Work item —
When you reach the line that contains "CASA EN PRIVADA CON ALERCA" below, transcribe it and each line after it word for word to the end of the records, omitting pictures.

** Opening Records to use block **

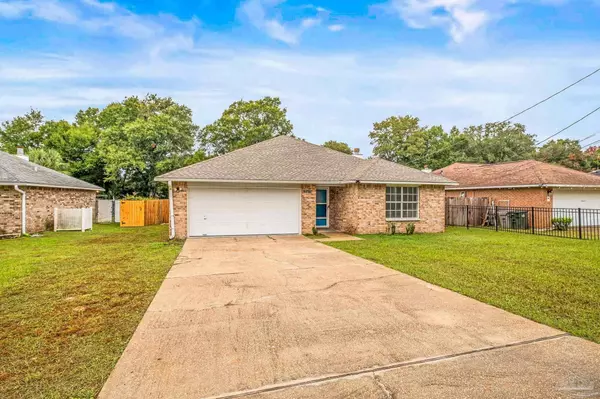 5815 Louisville Ave, Pensacola, FL 32526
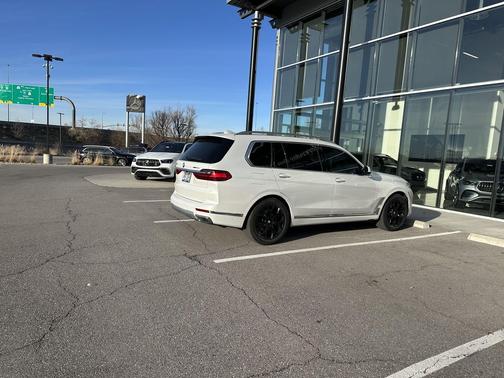 2020 BMW X7 xDrive40i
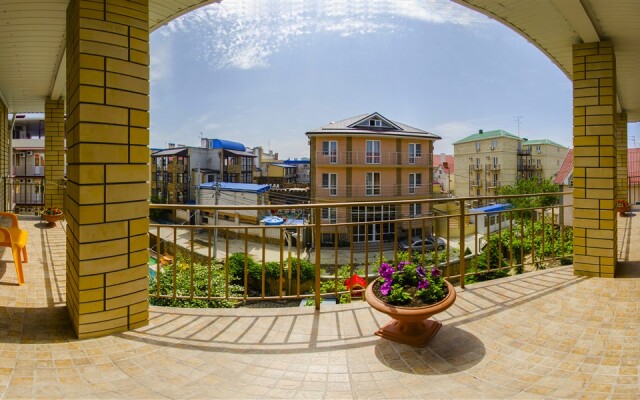 Kostas Guest House
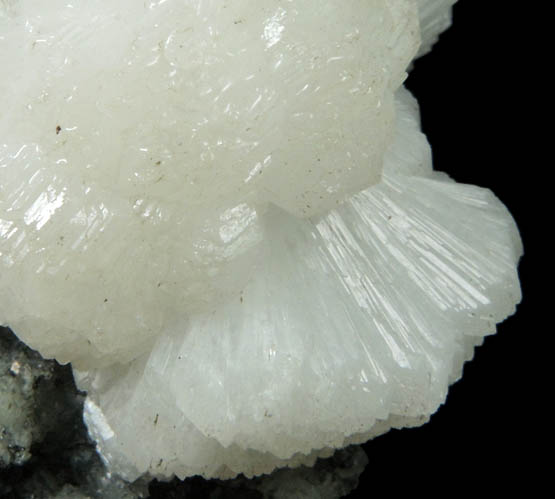 Stilbite on Calcite from Braen's Quarry, Haledon, Passaic County, New Jersey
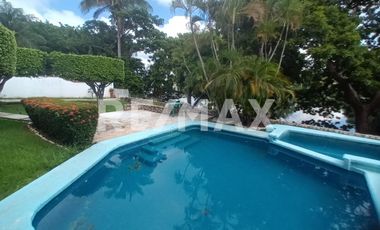 CASA EN PRIVADA CON ALERCA
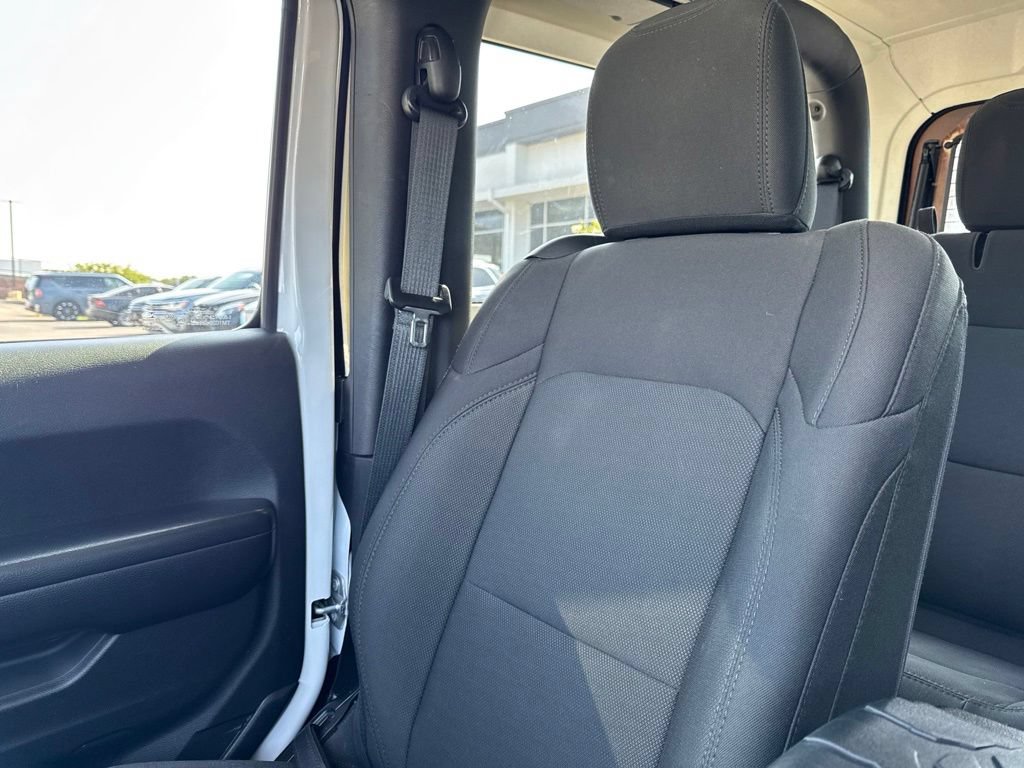 Used 2018 Jeep Wrangler Sport AWD/4WD image 23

** Closing Records to use block **

Output for this exercise —
 CASA EN PRIVADA CON ALERCA
 Used 2018 Jeep Wrangler Sport AWD/4WD image 23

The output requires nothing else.